Los ecos de esa relación irresuelta, incómoda pero deseante e impostergable, demandante de un aire que ya no hay, que la distancia de un océano no logar borrar, y que el director plasma a partir de primerísimos primeros planos, hacen que de un momento para otro, y a partir de una excusa, la de los perros que saltan al vacío que con el correr del metraje se apodera del sentido y se aleja de la anécdota, Ariel deje España y vuelva a Rosario, su ciudad y también la del realizador Hugo Grosso que aquí, más que nunca, pinta con claridad las contradicciones de lo propio a partir de un alter ego.

El enorme Luis Machín, en otro gran trabajo dentro de una carrera de grandes desempeños, muy corrido de cualquier posible estado de comodidad como actor, muy atento a la compleja tarea de mostrar emociones internas sin llegar a exteriorizarlas, da vida a un hombre sin sobresaltos pero confundido, como los perros, entre esas “luces y sonidos” que suponen las emociones, que no logra interpretar ni decodificar, y que casi de manera intempestiva decide dejar de postergarse.

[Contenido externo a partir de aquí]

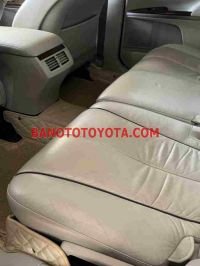 Cần bán xe Toyota Venza 2.7 2009 Số tự động màu Đen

Ya en Rosario, mira, contempla, se reencuentra y busca detener el tiempo (aunque no tenga sentido) frente a una serie de causalidades y de cruces que ponen la tensión del drama a coquetear con las instancias de un melodrama y hasta con cierto tono surrealista, dado que tampoco es casual la evocación de René Magritte y su pregunta acerca de todo lo que está oculto detrás de lo que se ve.

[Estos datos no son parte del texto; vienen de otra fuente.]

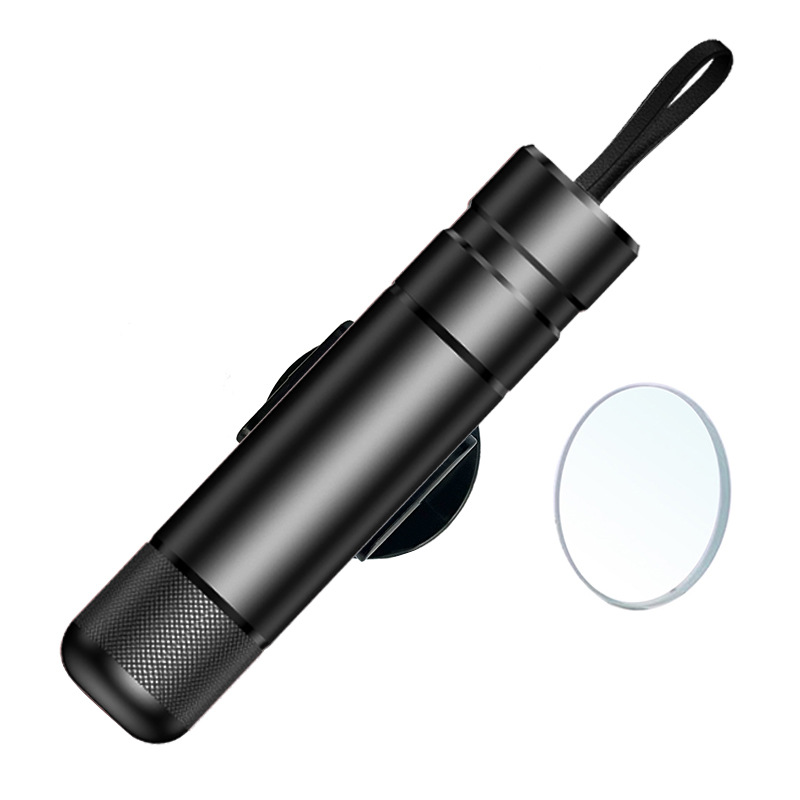 🔨 Flash Sale – 3-in-1 Safety Hammer | Escape Fast When Doors Won't Open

En el film se revelan una serie de subtramas de la trama principal que aportan más o menos sentido a esa superficie: el cruce de Ariel con aquello que quedó latente, con o sin perros a la vista, caminando por la cornisa, confundido ante la presencia del hijo adolescente de Laura y José María (Lorenzo Machín) con el que entabla un modo de vínculo que desconocía hasta el momento, o el reencuentro con una tía octogenaria (la enorme Marta Lubos), que lejos de escaparle al pasado lo pone a latir en su cara y lo obliga a abismarse, ambos a oscuras y en un baño, en una escena resuelta con gran ingenio que vale la visión de la película.

Todo eso, también, tiene un correlato en la puesta en tensión de una masculinidad jaqueada y en decadencia (el presente es mujer), con el que Grosso interpela con inteligencia a personajes de su misma generación, hijos del patriarcado, desde una idea de imprescindible deconstrucción, en particular en un pasaje en el que Ariel y José María vuelven a ser “adolescentes”, expuestos en ese miedo al presente, y que pareciera haber tenido destino de final.

Perros del viento es una película sin grandes pretensiones pero llena de sutilezas y lecturas posibles que, como sostuvo Magritte, están siempre detrás de eso que se ve, pero que hay que saber mirar, en medio de un drama de ficción, también, con otros grandes actores locales en personajes secundarios y con ciertas particularidades de una lógica documental, lenguaje que Grosso maneja con holgura y que convive, por momentos, saludablemente con el acontecer de un puñado de personajes bien delineados que están unidos en la confusión y por una serie de sentimientos encontrados.

Es, también, una película donde la rosarinidad es evocada desde un lugar infrecuente, desde una geografía conocida, la del Parque de España y sus visuales al río bellamente fotografiadas por Marcos Garfagnoli, pero mostradas desde una lógica de encuadre que pone todo en un plano ciertamente inquietante que, por momentos, se ve desplazado por esos otros planos de conflicto que suponen el amor y la ternura. Más allá del dolor y la latencia del paso del tiempo, esas emociones dejan un mensaje en las y los espectadores: la edad es apenas una circunstancia en la vida de las personas, algo que Ariel intenta entender y aceptar desde su lógica de “perro confundido” que corre y se detiene ante el ruido vibrante y los destellos de esas luces y sombras que lo enceguecen.